* WORK ORDER:
Everything from the line holding "kyBoot - Herren - Wanderschuh Säntis Black" to the last line of the material below must be retyped exactly, minus any pictures.

* DATASET EXTRACT:
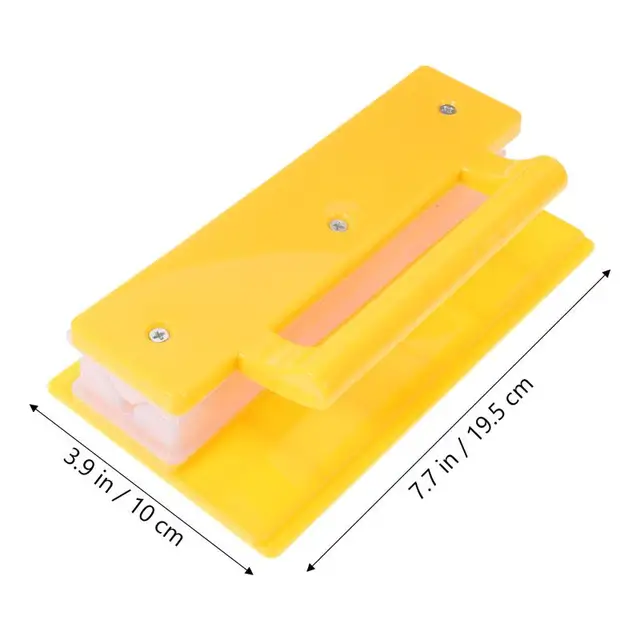 Kézi Hús Nyárs Gép Gyors Viselet Húsos Szerszám Automatikus Barbecue Bbq Kebab Készítő Kabob Grill Parrillas Szerszámok - Image 6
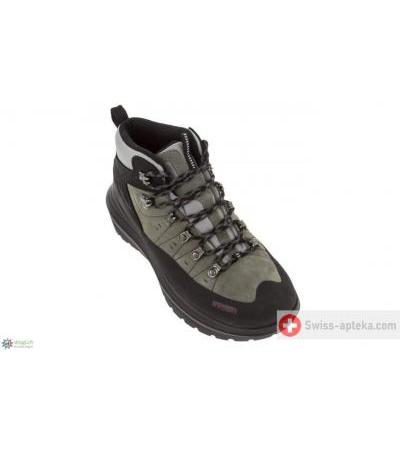 kyBoot - Herren - Wanderschuh Säntis Black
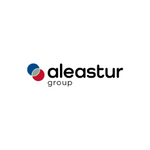 Logo aleastur group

* SOLUTION TO THIS TASK:
 kyBoot - Herren - Wanderschuh Säntis Black
 Logo aleastur group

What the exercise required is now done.